[Opening Records shown section]
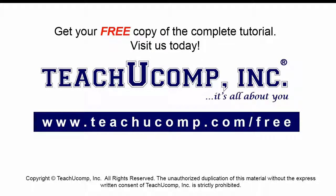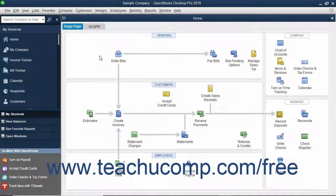Get your free copy of the complete tutorial at www.teachucomp.com/free. You can add your own customized fields to the customers and jobs, vendors, employees, and item lists in QuickBooks. This lets you create fields that will appear for each record in a list and lets you track information specific to your particular business.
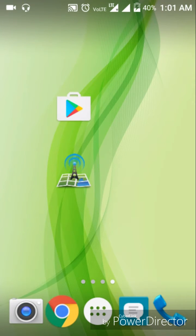What do you want to see? If you want to see an app that increases the speed of the internet, tests the speed, and lets you see the network tower, this is the app for you.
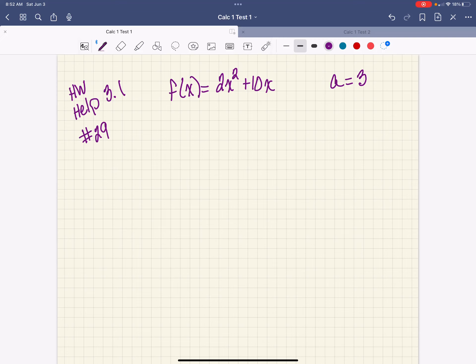We are back and this is Homework Help 3.1. I have my cup of coffee now, so we are going to get started with number 29. I have several in this section: 29, 37, and 39 that I'm going to do, and the directions for all of those is the same. It's: use the limit definition to compute f prime of a and find an equation of the tangent line.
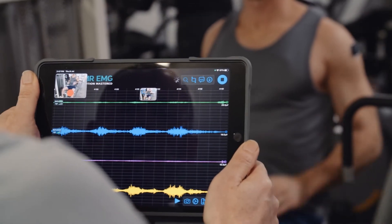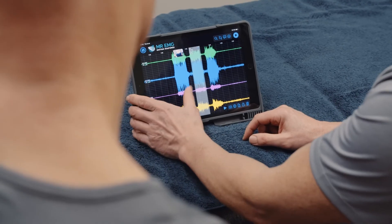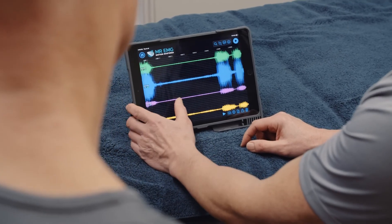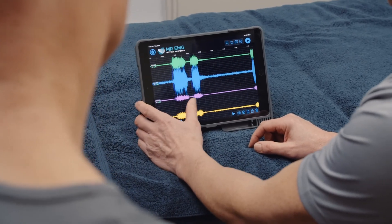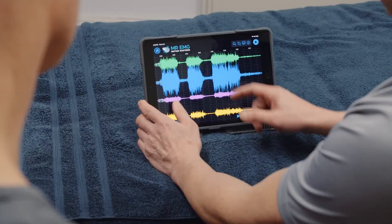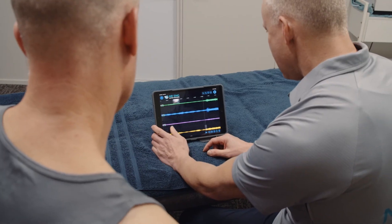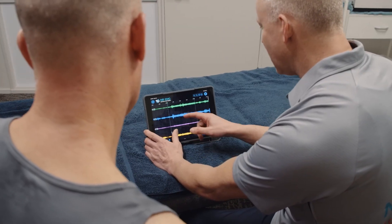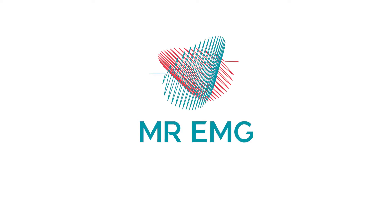To conclude the assessment, we recommend you sit down with your subject and analyze their data, identifying any muscle activity during movements you feel is related to their symptoms. We hope you enjoy using Mr EMG.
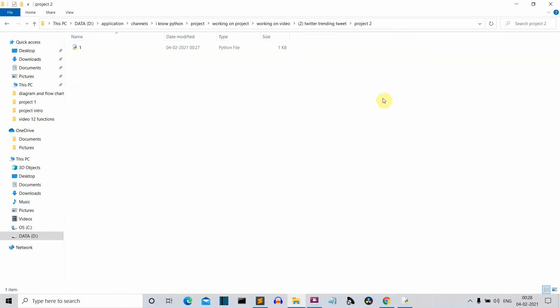So this was it. This was a short video in which I have shown you how you can create a Python program which will scrap for the top 100 tweets from a selected hashtag.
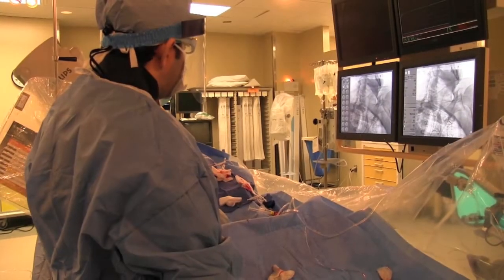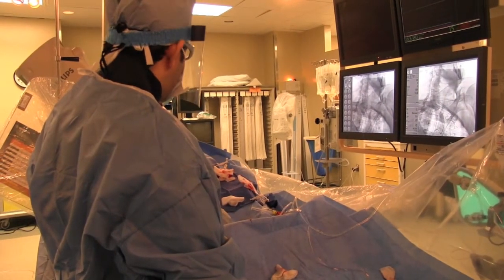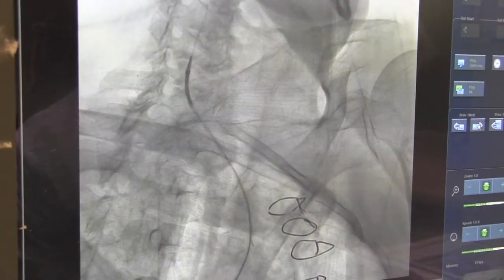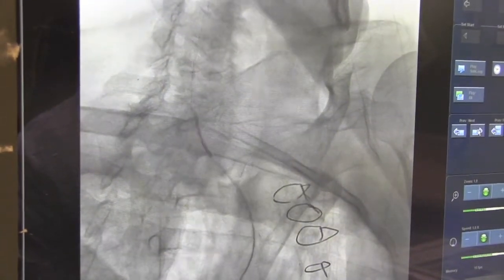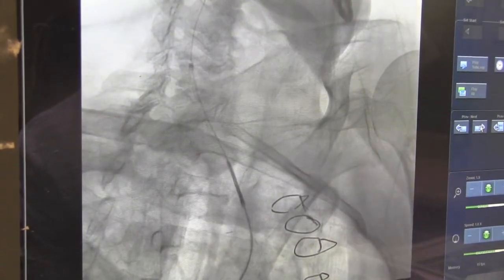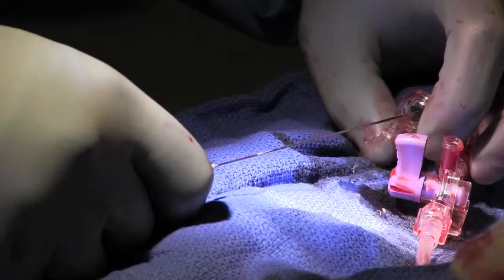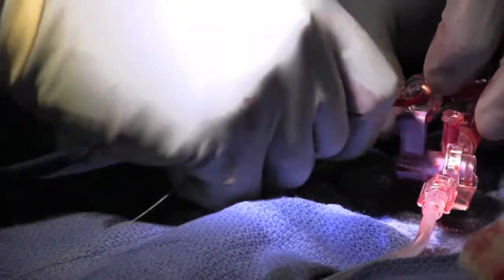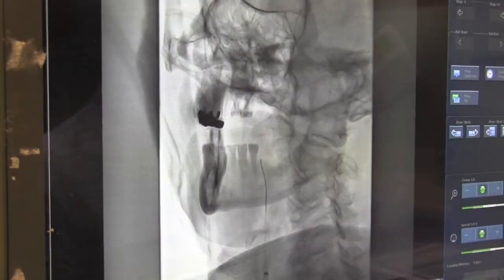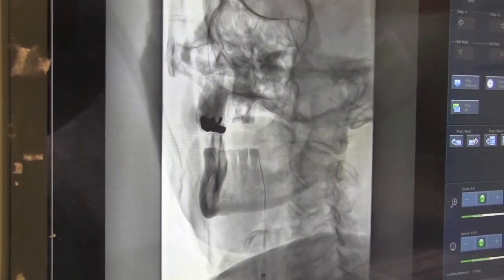Here we've advanced our shuttle system over our JB2 catheter into the right common carotid artery. Once we do that, we can remove our JB2 catheter and slip catheter. Here we're carefully advancing a guidewire through the narrowing in the carotid artery.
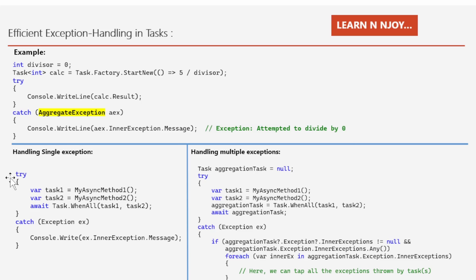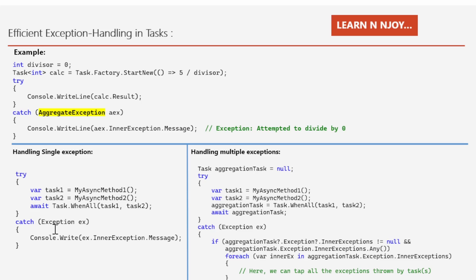Now let's see another scenario — handling a single exception. We have a try block and catch block. In the try block, I am using two tasks: task1 equal to MyAsyncMethod1 and task2 equal to MyAsyncMethod2. We use Task.WhenAll, written as await Task.WhenAll(task1, task2), so it waits until both complete. If either task1 or task2 gives an error, those exceptions are caught in the catch block and we print the inner exception message. If one task fails, we get a single exception and it works fine. However, if more than one async operation fails, Task.WhenAll will give you visibility only of the first one — that's not a good practice.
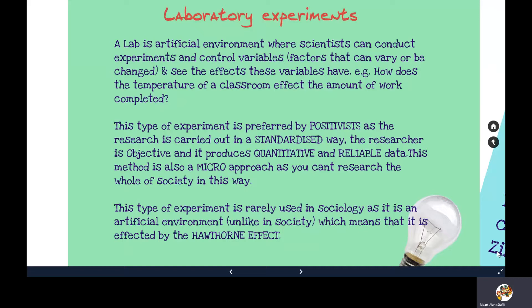The data from lab experiments is often micro — smaller scale. While being preferred by positivists, this type of experiment does have the issue of what we call the Hawthorne effect, because it takes place in an artificial setting.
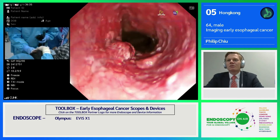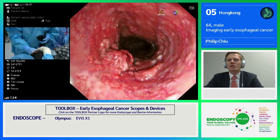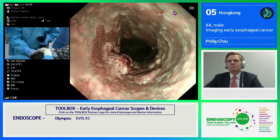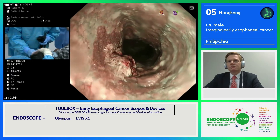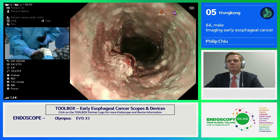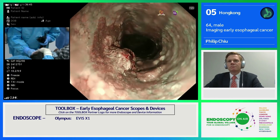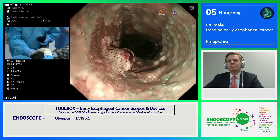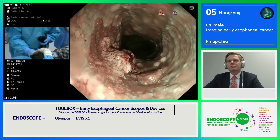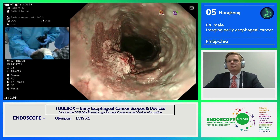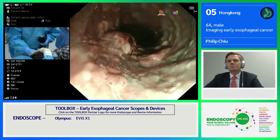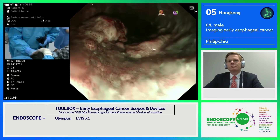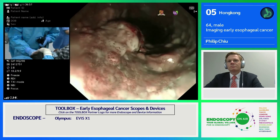It seems to be much brighter because it uses LED light. It also has an MBI mode — you can see the ordinary MBI we are very used to — and if we change to dual focus mode we can actually observe the IPCL pattern here.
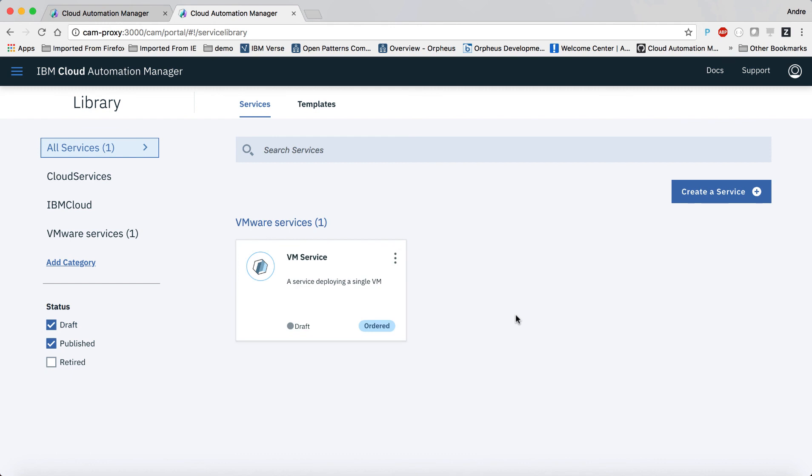So now that I have successfully tested my new service, I can publish it so that it can be consumed by a catalog.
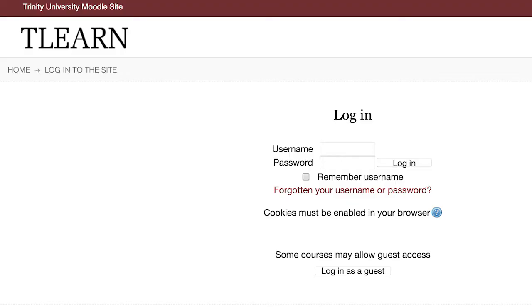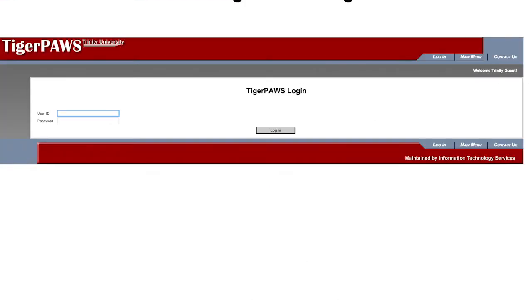Your Trinity password is used for accessing services which are run by the university, such as logging onto the campus computers, getting into T-Learn, Tiger Paws, the student account suite, and Ferris print terminals.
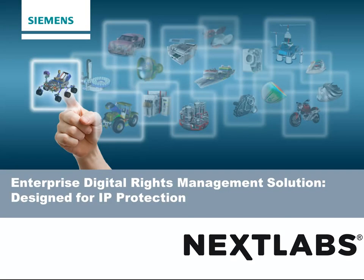NextLabs, an information risk management company. For more information, visit us at www.nextlabs.com.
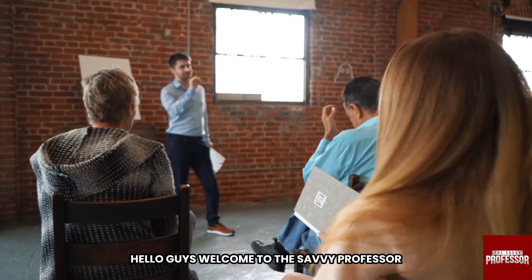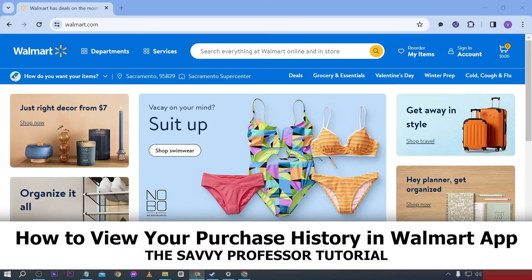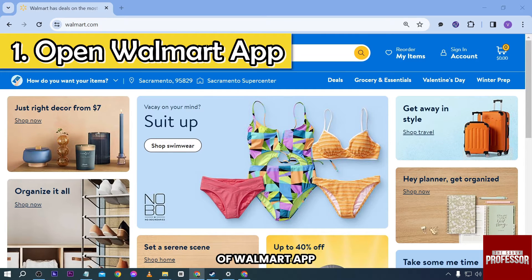Hello guys, welcome to the Savvy Professor. In today's video, I'm going to show you how to view your purchase history in the Walmart app. The first thing we are going to do is launch the Walmart app.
[Closing Records shown section]
**Your objective:** Without the images, write out each line of the data verbatim.

**Result for this task:**
Get your free copy of the complete tutorial at www.teachucomp.com/free. You can add your own customized fields to the customers and jobs, vendors, employees, and item lists in QuickBooks. This lets you create fields that will appear for each record in a list and lets you track information specific to your particular business.
What do you want to see? If you want to see an app that increases the speed of the internet, tests the speed, and lets you see the network tower, this is the app for you.
We are back and this is Homework Help 3.1. I have my cup of coffee now, so we are going to get started with number 29. I have several in this section: 29, 37, and 39 that I'm going to do, and the directions for all of those is the same. It's: use the limit definition to compute f prime of a and find an equation of the tangent line.
To conclude the assessment, we recommend you sit down with your subject and analyze their data, identifying any muscle activity during movements you feel is related to their symptoms. We hope you enjoy using Mr EMG.
So this was it. This was a short video in which I have shown you how you can create a Python program which will scrap for the top 100 tweets from a selected hashtag.
Here we've advanced our shuttle system over our JB2 catheter into the right common carotid artery. Once we do that, we can remove our JB2 catheter and slip catheter. Here we're carefully advancing a guidewire through the narrowing in the carotid artery.
Now let's see another scenario — handling a single exception. We have a try block and catch block. In the try block, I am using two tasks: task1 equal to MyAsyncMethod1 and task2 equal to MyAsyncMethod2. We use Task.WhenAll, written as await Task.WhenAll(task1, task2), so it waits until both complete. If either task1 or task2 gives an error, those exceptions are caught in the catch block and we print the inner exception message. If one task fails, we get a single exception and it works fine. However, if more than one async operation fails, Task.WhenAll will give you visibility only of the first one — that's not a good practice.
The data from lab experiments is often micro — smaller scale. While being preferred by positivists, this type of experiment does have the issue of what we call the Hawthorne effect, because it takes place in an artificial setting.
It seems to be much brighter because it uses LED light. It also has an MBI mode — you can see the ordinary MBI we are very used to — and if we change to dual focus mode we can actually observe the IPCL pattern here.
So now that I have successfully tested my new service, I can publish it so that it can be consumed by a catalog.
Your Trinity password is used for accessing services which are run by the university, such as logging onto the campus computers, getting into T-Learn, Tiger Paws, the student account suite, and Ferris print terminals.
NextLabs, an information risk management company. For more information, visit us at www.nextlabs.com.
Hello guys, welcome to the Savvy Professor. In today's video, I'm going to show you how to view your purchase history in the Walmart app. The first thing we are going to do is launch the Walmart app.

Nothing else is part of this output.